** Exercise description **
For each line in the records that contains "having", make a copy.

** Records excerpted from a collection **

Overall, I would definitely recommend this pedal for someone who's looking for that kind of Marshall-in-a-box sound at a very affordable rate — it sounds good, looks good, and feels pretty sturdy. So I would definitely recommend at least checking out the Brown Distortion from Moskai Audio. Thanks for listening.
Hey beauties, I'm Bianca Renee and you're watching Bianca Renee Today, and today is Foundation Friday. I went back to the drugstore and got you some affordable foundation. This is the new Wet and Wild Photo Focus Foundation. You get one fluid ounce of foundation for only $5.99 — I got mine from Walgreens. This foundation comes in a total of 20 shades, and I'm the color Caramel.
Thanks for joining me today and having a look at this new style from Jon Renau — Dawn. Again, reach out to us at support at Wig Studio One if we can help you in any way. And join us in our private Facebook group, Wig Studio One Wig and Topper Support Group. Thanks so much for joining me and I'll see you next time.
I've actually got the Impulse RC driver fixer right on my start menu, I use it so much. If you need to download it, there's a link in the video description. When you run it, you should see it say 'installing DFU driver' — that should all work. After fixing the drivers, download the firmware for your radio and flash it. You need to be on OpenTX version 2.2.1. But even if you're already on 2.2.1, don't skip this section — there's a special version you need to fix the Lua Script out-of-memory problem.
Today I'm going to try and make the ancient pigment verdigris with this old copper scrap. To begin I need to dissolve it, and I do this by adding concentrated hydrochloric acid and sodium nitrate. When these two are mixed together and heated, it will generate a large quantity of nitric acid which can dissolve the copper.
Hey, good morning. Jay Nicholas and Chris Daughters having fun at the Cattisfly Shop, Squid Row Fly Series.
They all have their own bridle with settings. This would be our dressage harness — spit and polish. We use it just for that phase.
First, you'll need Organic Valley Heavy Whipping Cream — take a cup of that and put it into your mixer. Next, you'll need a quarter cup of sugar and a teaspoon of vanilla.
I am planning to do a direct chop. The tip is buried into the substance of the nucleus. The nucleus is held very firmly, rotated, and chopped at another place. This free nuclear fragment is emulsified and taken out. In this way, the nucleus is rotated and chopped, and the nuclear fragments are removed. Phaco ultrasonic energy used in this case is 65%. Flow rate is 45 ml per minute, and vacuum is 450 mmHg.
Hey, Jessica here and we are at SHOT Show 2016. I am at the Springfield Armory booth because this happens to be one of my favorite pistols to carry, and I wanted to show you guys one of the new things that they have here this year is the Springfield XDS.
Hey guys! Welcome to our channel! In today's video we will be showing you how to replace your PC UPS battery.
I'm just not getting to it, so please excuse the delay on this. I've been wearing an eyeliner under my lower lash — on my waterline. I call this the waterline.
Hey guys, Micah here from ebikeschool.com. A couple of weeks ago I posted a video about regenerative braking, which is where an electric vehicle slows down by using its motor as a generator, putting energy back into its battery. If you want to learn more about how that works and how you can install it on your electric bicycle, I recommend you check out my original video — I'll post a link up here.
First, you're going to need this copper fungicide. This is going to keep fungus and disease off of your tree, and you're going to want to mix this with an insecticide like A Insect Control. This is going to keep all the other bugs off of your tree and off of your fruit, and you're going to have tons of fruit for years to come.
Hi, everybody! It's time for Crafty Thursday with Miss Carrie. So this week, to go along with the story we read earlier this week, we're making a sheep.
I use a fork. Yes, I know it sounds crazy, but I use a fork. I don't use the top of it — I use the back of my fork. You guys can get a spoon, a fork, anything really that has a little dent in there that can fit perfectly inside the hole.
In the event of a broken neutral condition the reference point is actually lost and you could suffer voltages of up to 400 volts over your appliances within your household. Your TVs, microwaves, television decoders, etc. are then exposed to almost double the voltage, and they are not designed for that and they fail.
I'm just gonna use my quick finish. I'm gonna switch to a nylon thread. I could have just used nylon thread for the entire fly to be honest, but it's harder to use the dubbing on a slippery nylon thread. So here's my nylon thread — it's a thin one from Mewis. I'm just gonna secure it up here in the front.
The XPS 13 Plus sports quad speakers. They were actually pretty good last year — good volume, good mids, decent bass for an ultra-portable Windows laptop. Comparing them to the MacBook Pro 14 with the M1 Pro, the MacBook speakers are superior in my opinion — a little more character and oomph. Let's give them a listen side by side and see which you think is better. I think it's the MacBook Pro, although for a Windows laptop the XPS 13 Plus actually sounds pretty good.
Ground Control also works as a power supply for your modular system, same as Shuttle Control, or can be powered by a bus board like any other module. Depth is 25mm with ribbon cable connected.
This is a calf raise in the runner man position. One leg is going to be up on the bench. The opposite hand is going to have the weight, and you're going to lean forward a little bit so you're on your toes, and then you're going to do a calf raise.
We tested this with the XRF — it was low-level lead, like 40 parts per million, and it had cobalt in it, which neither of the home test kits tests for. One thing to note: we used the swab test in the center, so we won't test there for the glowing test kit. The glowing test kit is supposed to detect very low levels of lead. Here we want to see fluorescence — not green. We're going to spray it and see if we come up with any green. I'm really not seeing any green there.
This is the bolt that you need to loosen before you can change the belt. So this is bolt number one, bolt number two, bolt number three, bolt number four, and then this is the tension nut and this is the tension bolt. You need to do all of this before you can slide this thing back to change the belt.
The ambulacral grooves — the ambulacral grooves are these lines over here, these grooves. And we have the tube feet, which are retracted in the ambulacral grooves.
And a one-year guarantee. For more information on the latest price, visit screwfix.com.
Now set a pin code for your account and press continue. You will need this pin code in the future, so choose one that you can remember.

** Solution for this task **
Thanks for joining me today and having a look at this new style from Jon Renau — Dawn. Again, reach out to us at support at Wig Studio One if we can help you in any way. And join us in our private Facebook group, Wig Studio One Wig and Topper Support Group. Thanks so much for joining me and I'll see you next time.
Hey, good morning. Jay Nicholas and Chris Daughters having fun at the Cattisfly Shop, Squid Row Fly Series.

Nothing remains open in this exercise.